ABOUT THIS EXERCISE >>
With the pictures omitted, repeat exactly the lines below starting with the line that has "Custom Brown Vintage" and going on through the line that has "Pokémon - Valentine".

:: SOURCE RECORDS ::

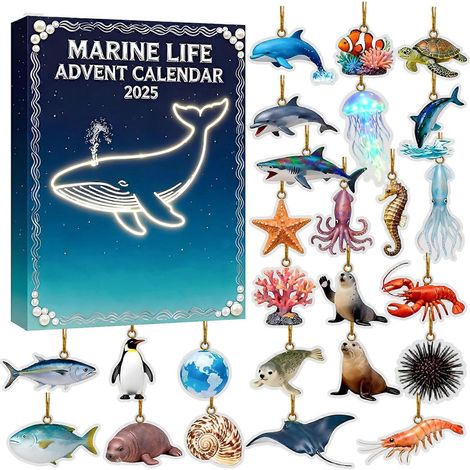 Calendario de Adviento de Navidad de 24 días con temática de vida marina: artículos coleccionables sorpresa para fiestas y decoración. (1/5)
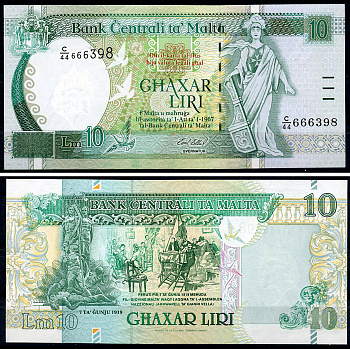 Мальта 10 лир L. 1967 (1994) памятник "7 июня 1919 года" Pick 47 b  бумага  UNC (пресс) 451-1242-3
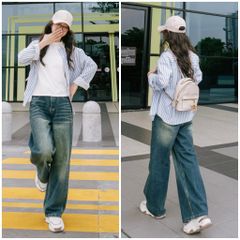 Quần Jean Ống Rộng Nữ DAVICHI DENIMX - Phom Suông Eo Cao, Chất Liệu Cotton Chống Phai, Nhiều Kích Cỡ S M L XL, Màu Đen Xám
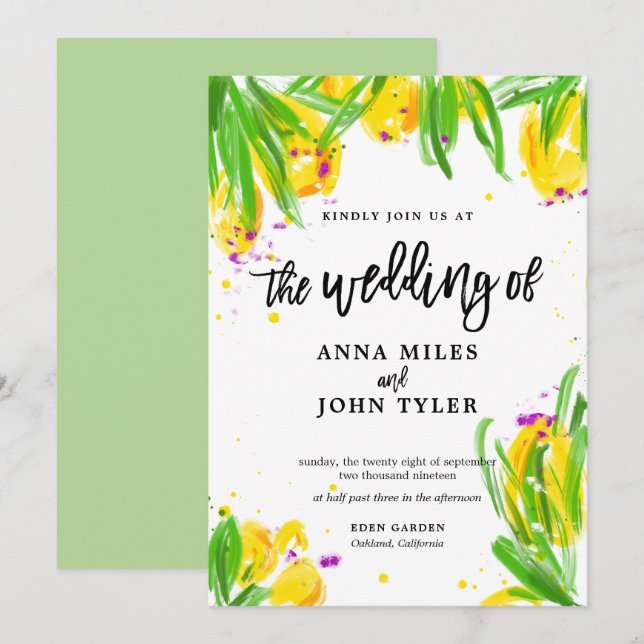 Modern Floral Yellow Green Violet Calligraphy Invitation (Front/Back)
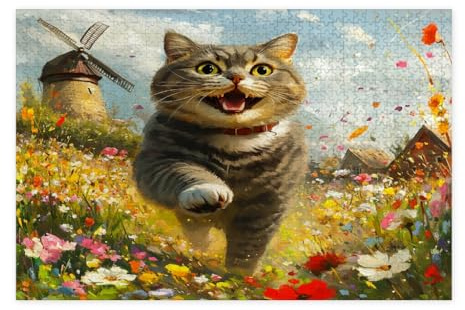 Spring British Shorthair Cat Jigsaw Puzzles for Adults 10000 Piece, Country Garden Kitten Wooden Puzzles, Fun Flower Pet Pattern Decorations for Home Entertainment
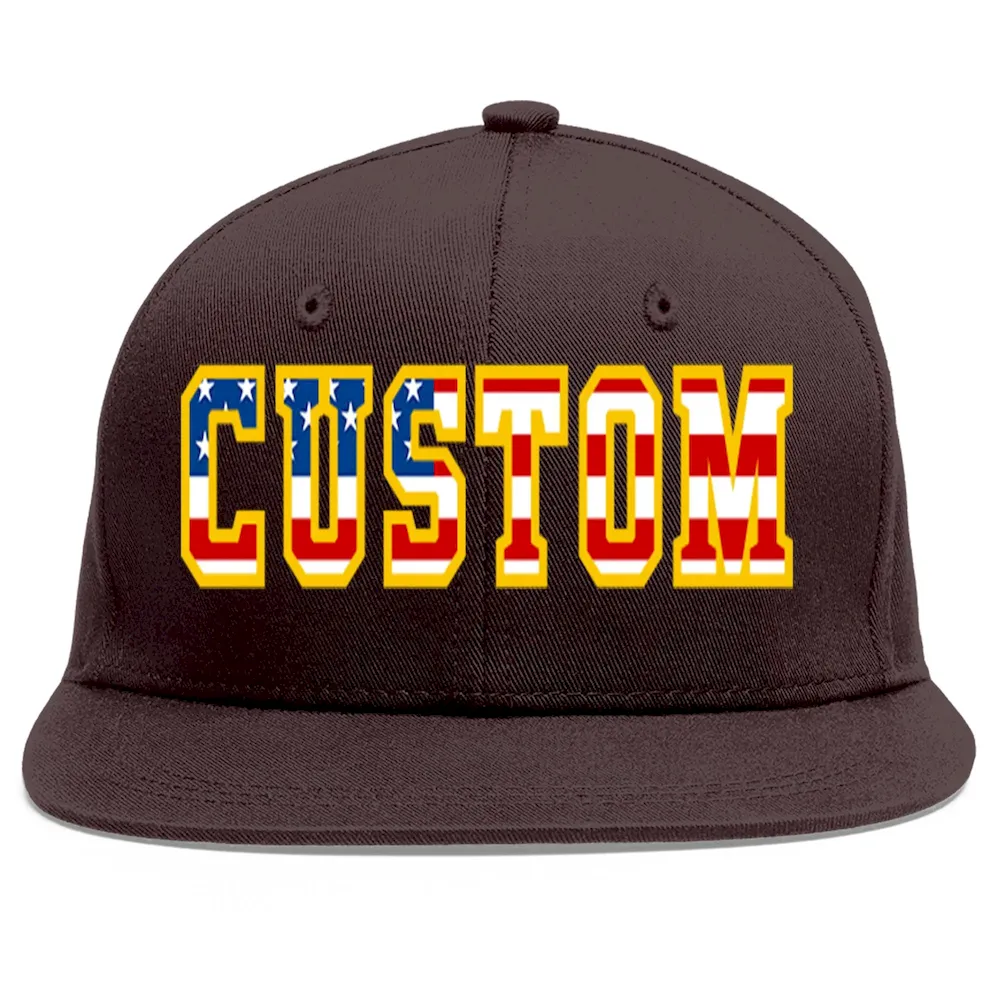 Custom Brown Vintage USA Flag-Gold Flat Eaves Sport Baseball Cap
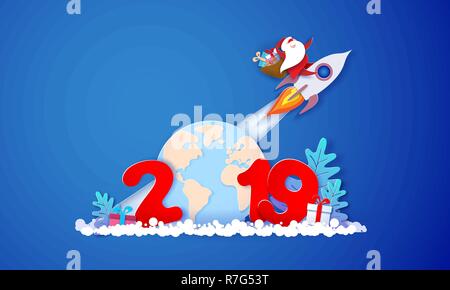 Modern paper circle banner with Santa Claus on rocket, numbers of year and globe Earth. Happy New Year 2019 card. Origami Label template. Vector illustration. Paper cut and craft style. Stock Vector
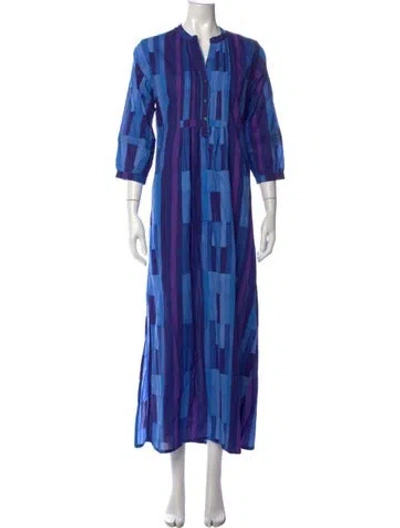 Pre-owned Natalie Martin Patterned Long Dress In Blue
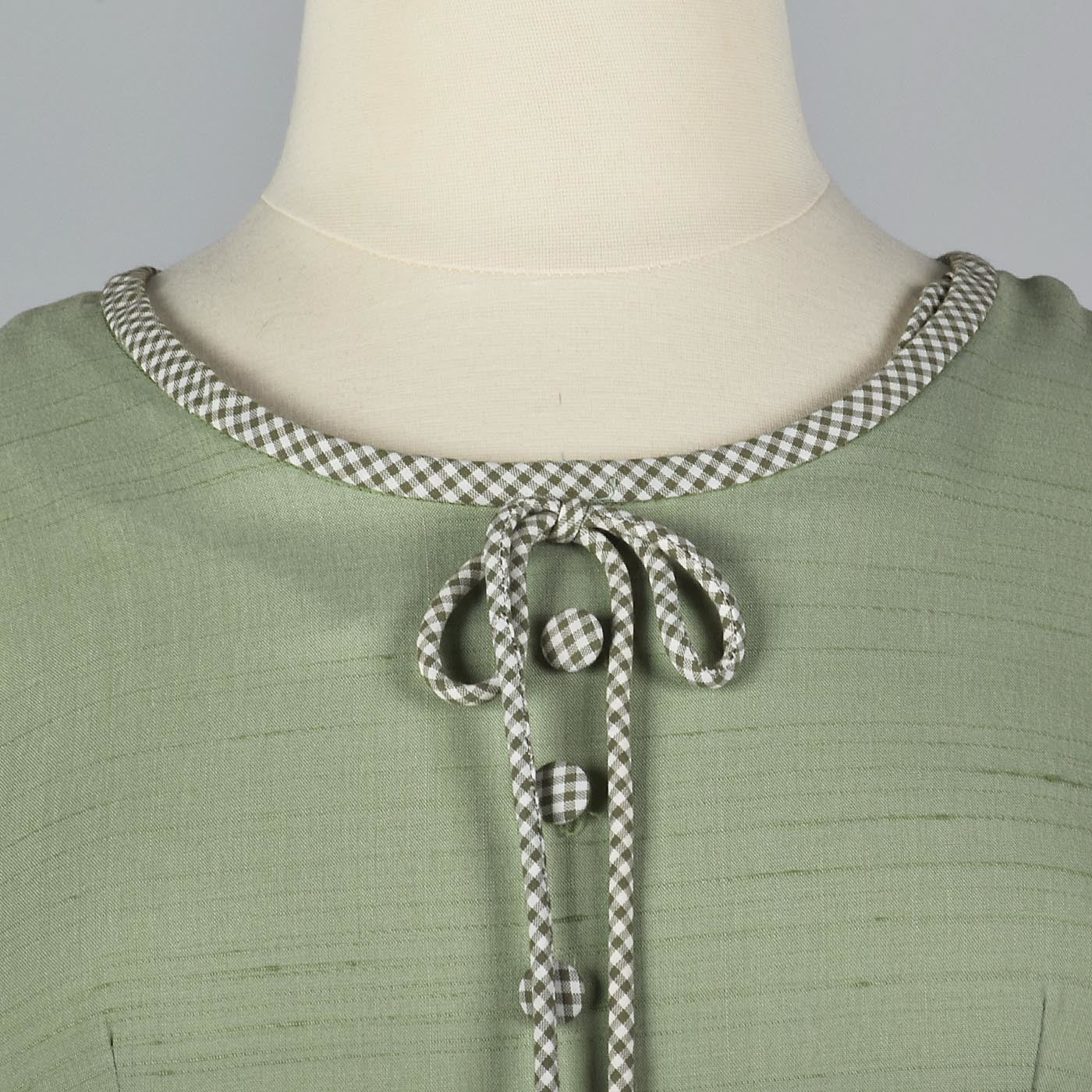 1950s Sage Green Day Dress with Gingham Trim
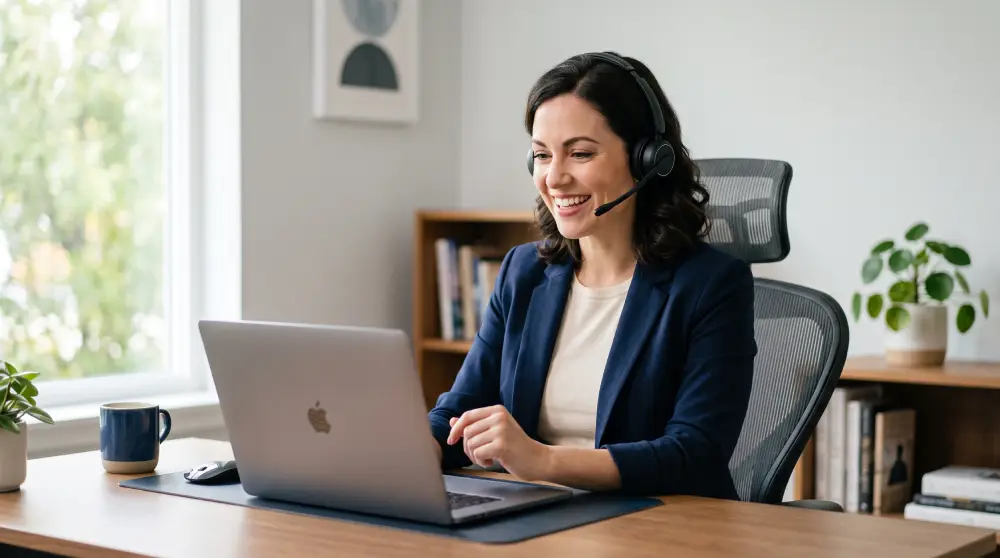 Person using a headset to make a VoIP call on a laptop in a home office
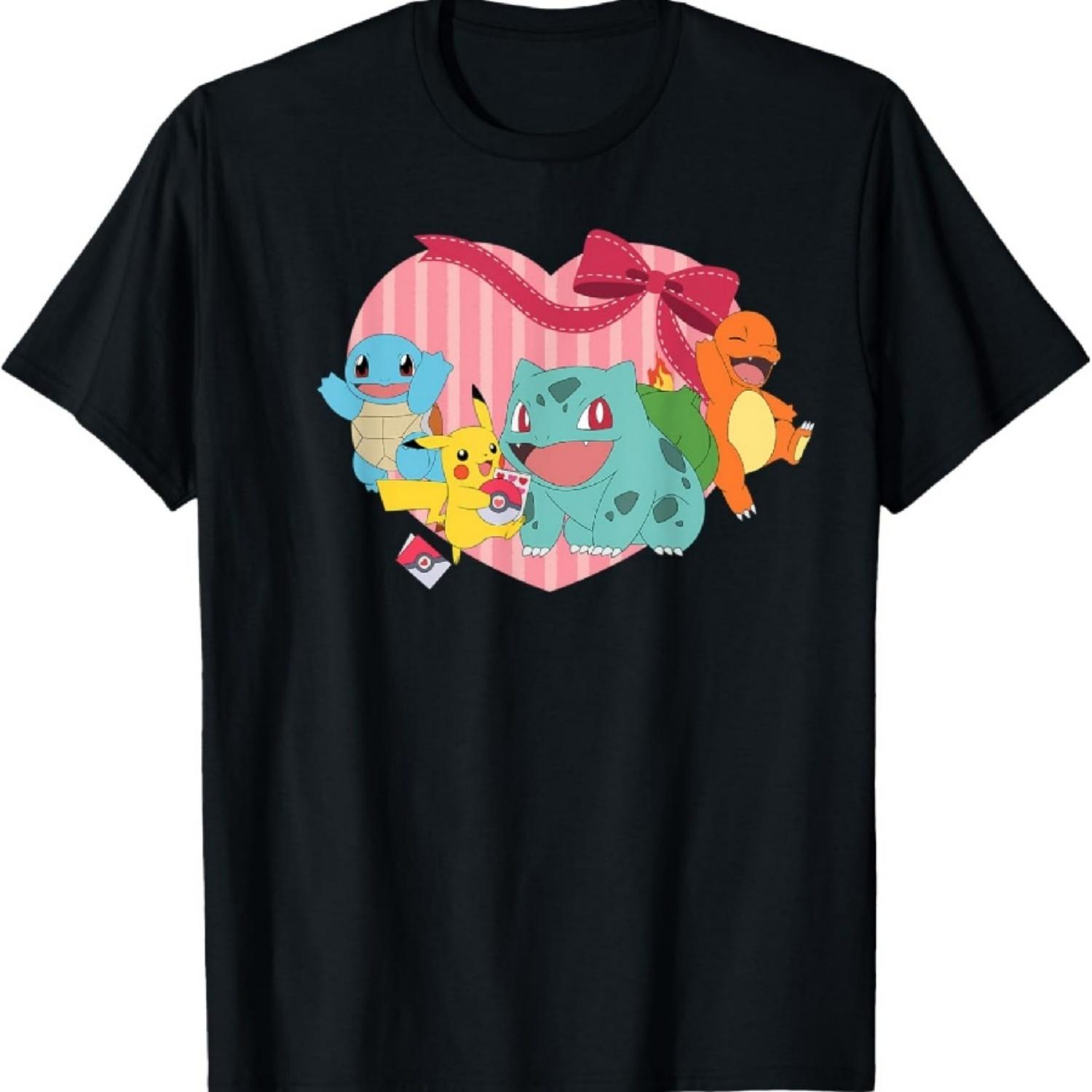 

Pokémon - Valentine Pikachu Charmander Squirtle Bulbasaur T-Shirt XXXXXL чорний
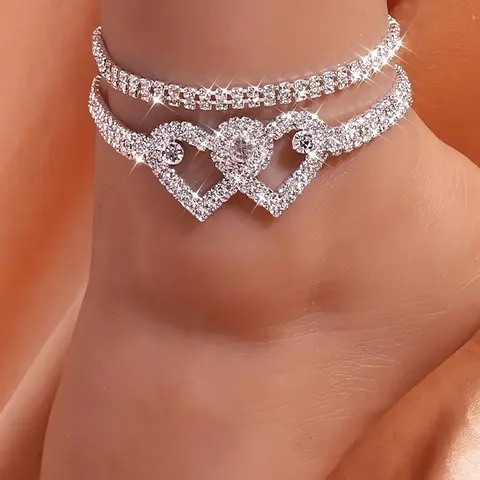 Elegant Rhinestone Heart Dainty Layered Anklet Set, Sparkling Water Diamond Design, Perfect for Women's Evening Parties & Casual Wear, Fashion Jewelry Accessory, Wearable Jewelry, Trendy Jewelry, Jewellery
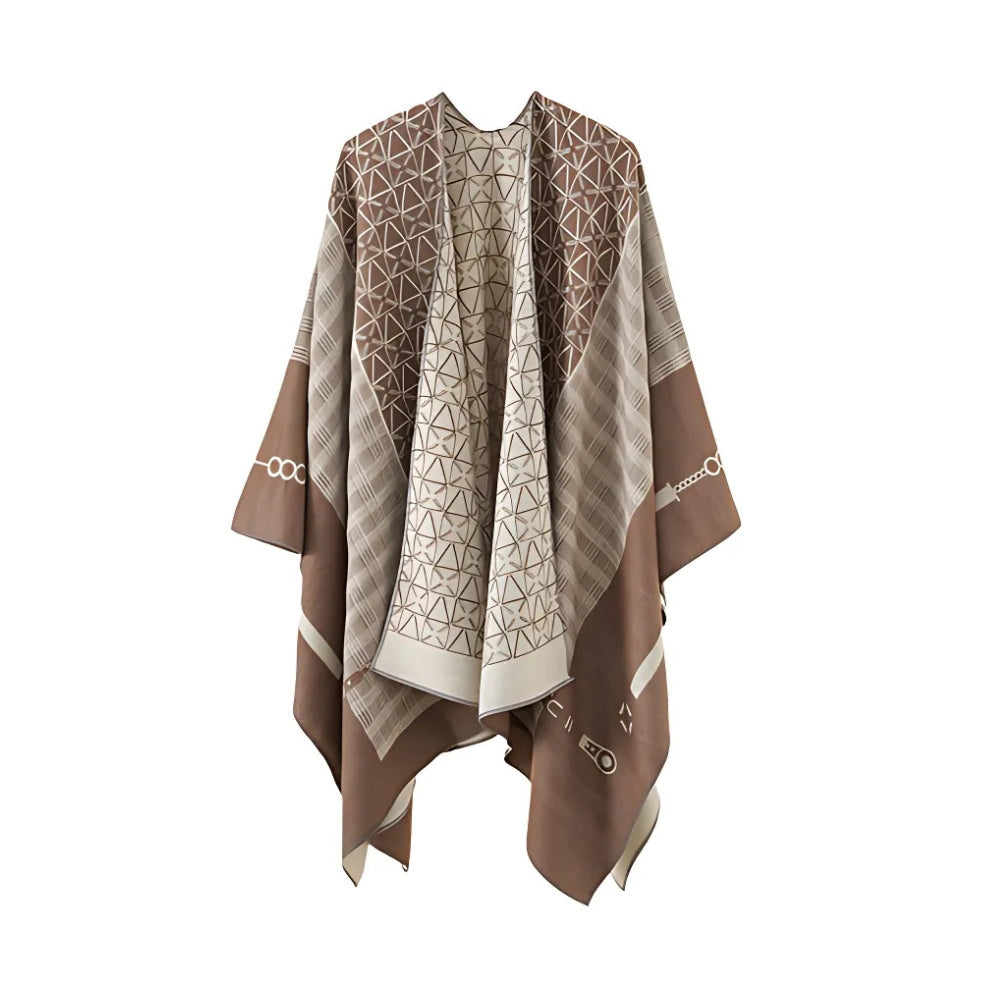 Geometric Acrylic Poncho Shawl for Layering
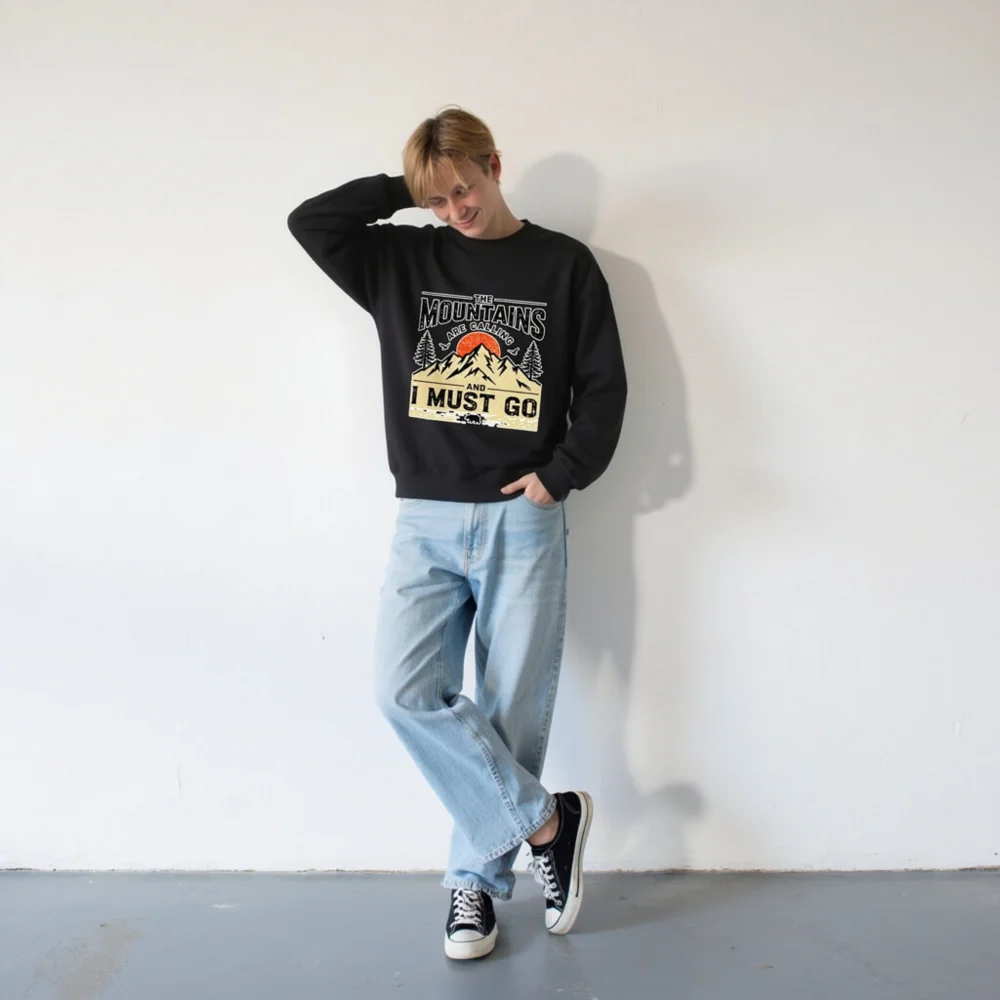 Mountains Are Calling Sweatshirt – Unisex Crewneck Graphic Pullover - Image 7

:::

TASK OUTPUT >>
 Custom Brown Vintage USA Flag-Gold Flat Eaves Sport Baseball Cap
 Modern paper circle banner with Santa Claus on rocket, numbers of year and globe Earth. Happy New Year 2019 card. Origami Label template. Vector illustration. Paper cut and craft style. Stock Vector
 Pre-owned Natalie Martin Patterned Long Dress In Blue
 1950s Sage Green Day Dress with Gingham Trim
 Person using a headset to make a VoIP call on a laptop in a home office

Pokémon - Valentine Pikachu Charmander Squirtle Bulbasaur T-Shirt XXXXXL чорний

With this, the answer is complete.